There's a narrow swatch of misbehavior that the "skeletons" would need to be, for a PI to take the case and get involved. The client would have to have some vested interest or harm done to them, or some idea that the target is doing some harm to somebody before taking the case.

If the idea was get dirt to be vindictive, the PI would not take the case.

If they did take the case and there was evidence that things were clearly criminal, (quid pro quo, malfeasance, etc) they would refer the case to actual police. They would only continue investigating if the police declined to investigate, and their purpose would be privately prosecuting the person. ( Basically filing a suit to whatever court, like you were suing the person but you prove the criminal acts and they get sentenced potentially)

If the skeleton was more of a civil harm like a breach of duty or breach of contract, the PI would gather evidence relevant to the harm, and not provide their client with irrelevant information like who their favorite callgirl is or whatever bathhouse they frequent. They would also not share info about infidelity unless their client was the spouse that was being cheated on.

Still, what you think a legitimate reason could or couldn't be probably doesn't match up with what actually would be the basis of some surveillance.

This comment is super cliff notes, and based on some PI training in Ontario Canada that I couldn't make myself complete after I realised that it would be more of the same bullshit shiftwork that I was trying to get away from 10 years ago.

OP might have a good time calling some PI firms local to them and asking to pay for a consult and fact check his narrative.

[–] hendrik@palaver.p3x.de -1 points 2 months ago* (last edited 2 months ago) (1 children)

I think that's why I wrote about stalking, doxing and and the job of journalists. I think it's generally not well aligned to the job of a private investigator. I think you could do it as a journalist. Have some idea that someone feels fishy and see if you can dig something up and write an article about it. There might be some overlap with the two jobs in the methods. And OP's question came from a story idea. Maybe there are unprofessional investigators without morale? I think some professional with an interest to keep their job will certainly not cross the lines, do illegal methods and then also document it... They'll probably just refuse to do that job.

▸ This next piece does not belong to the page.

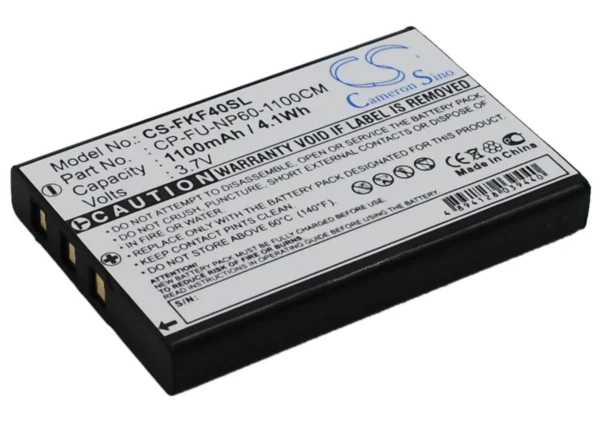 Falk CROSS, IBEX, IBEX 30, IBEX 40 Series Replacement Battery 1100mAh/4.07Wh - Image 3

[–] bane_killgrind@slrpnk.net 3 points 2 months ago

Legitimate reasons could be contrived. The question isn't what it takes to get a PI to investigate, the question should be what it would take for them to spill unrelated tea.

The first step in opening an investigation is investigate your client. Their relationship to the subject and the validity of the harms that they might have suffered or the validity of whatever narrative of criminality.

If you manage to pass that smell test, the information you get from the investigation would be severely limited to the scope of validating and proving that the harms occurred.

Again, you could get them to do stuff for you. You might not be able to get any useful information past that.